Remarques brèves sur Joseph Beuys (1)
« Je réclame une meilleure forme de la pensée, de la sensation et de la volonté. Ce sont les véritables critères esthétiques. » J.Beuys
1 - Atone
Une grande partie des travaux de Joseph Beuys peuvent être définis comme atones, ne serait-ce que par l’absence de couleurs qui sont utilisées. La gamme chromatique générale tend entre le gris et le marron ; les jaunes et les ocres y sont fortement déclinés. Le rouge, discret cependant, agit souvent comme un contrepoint (effet de tampon, signe en croix cousu…). Certes, Beuys ne s’interdit pas l’utilisation des autres couleurs et nombre de ses dessins ou collages en portent les traces, mais celles-ci ne sont pas majeures.

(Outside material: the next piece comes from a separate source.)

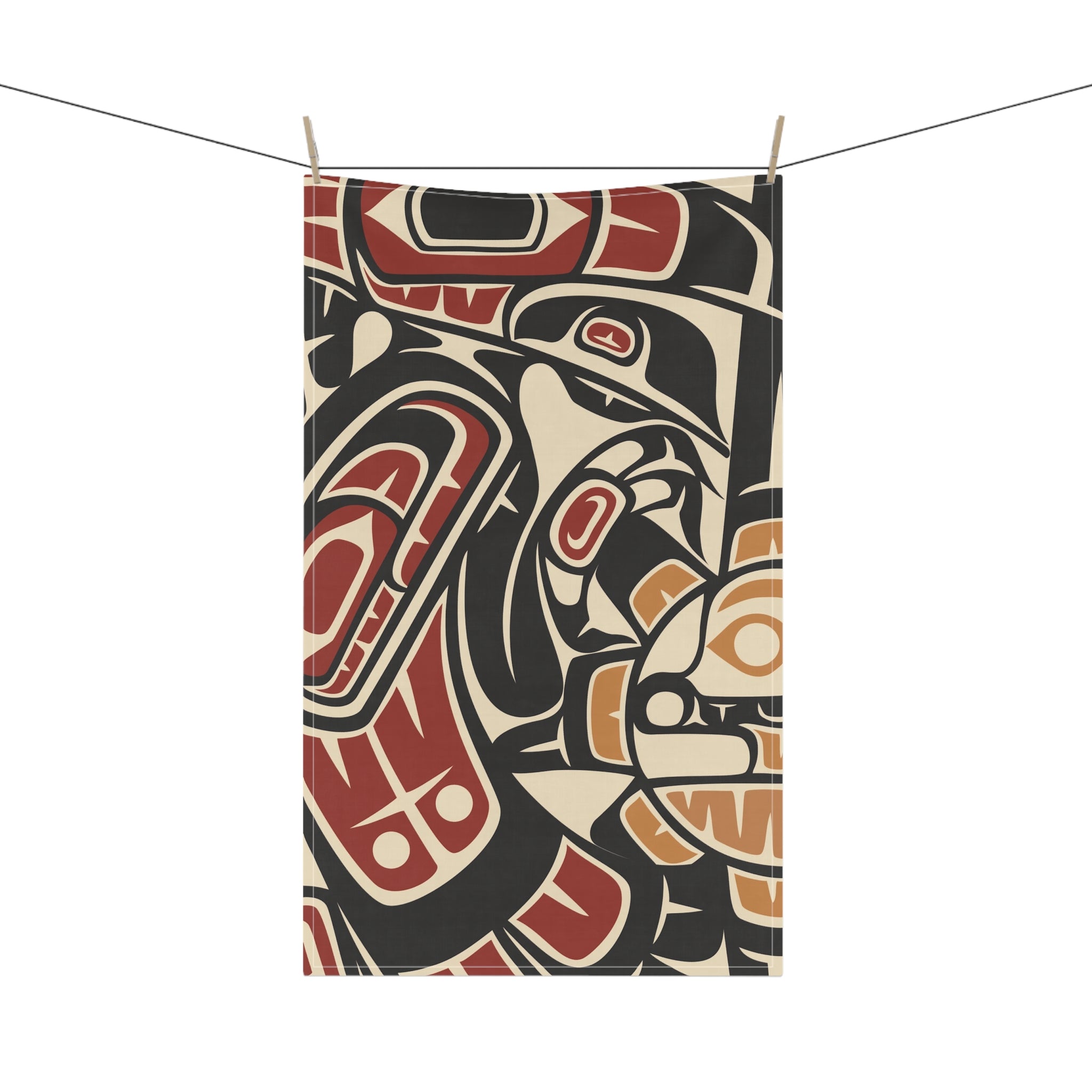 Cotton Twill Tea Towel - Classic Tribal Raven - Northern Spiritlines™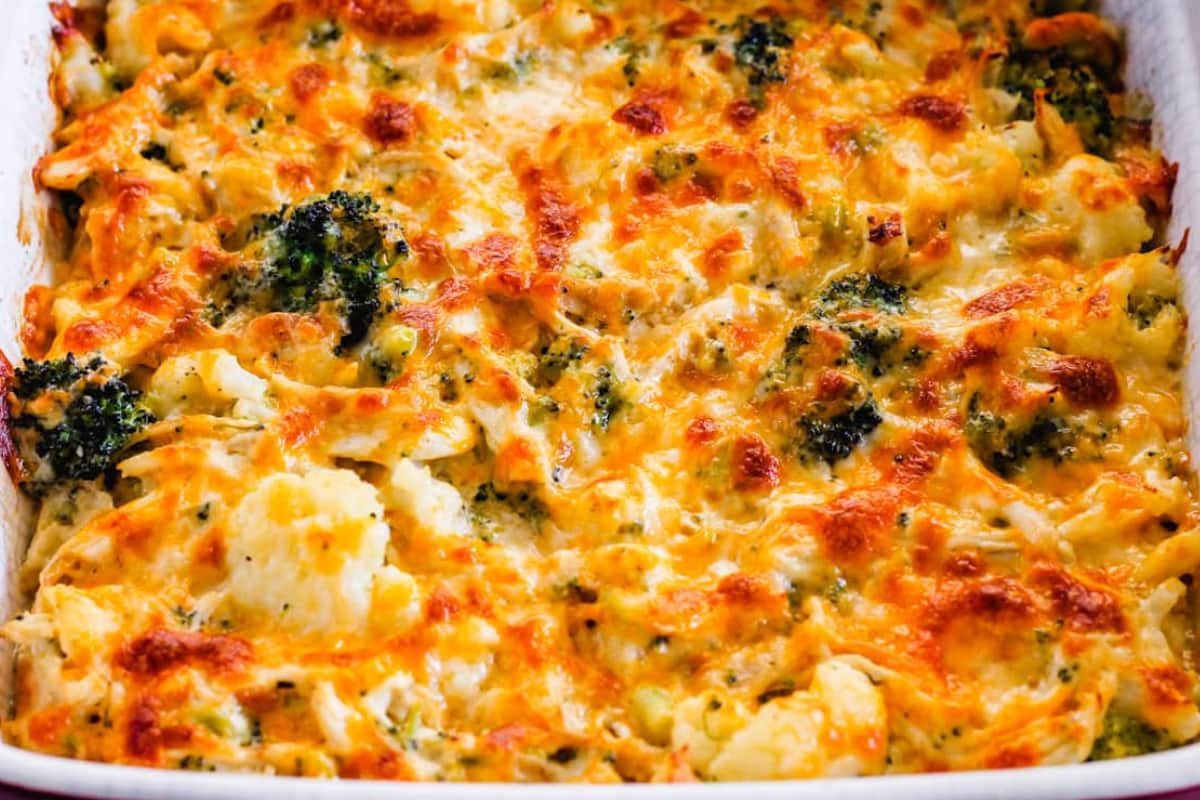 A dish of Cauliflower Broccoli Chicken Casserole.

On peut s’interroger sur cette absence relative de couleurs franches et sur la restriction de sa palette, mais la première raison réside à mon sens dans le fait que en tant que sculpteur, Beuys est attentif aux qualités chromatiques des matériaux, le bois, la tôle, le verre, l’ardoise, la craie, la cire, la graisse, le feutre… On peut remarquer aussi que ce n’est que progressivement que la couleur est venue s’immiscer dans ses travaux. La multiplication des supports imprimés dans les années 60 (« multiples ») est en grande partie à l’origine de cette émergence tardive.

L’autre raison de cette absence de couleurs est sans doute fortement liée aux thématiques qu’aborde le travail de Beuys et qui tournent essentiellement autour de la mémoire et de la mort. L’effet estompé ou altéré des matériaux y témoigne à la fois de l’idée d’usure et de fragilité tout en prenant acte d’une disparition annoncée. Les piles de journaux jaunissent, le métal rouille, le cuivre s’oxyde…
Cet aspect atone traduit, d’une certaine façon, le côté exhumé des objets qu’il met à jour et remet en circulation.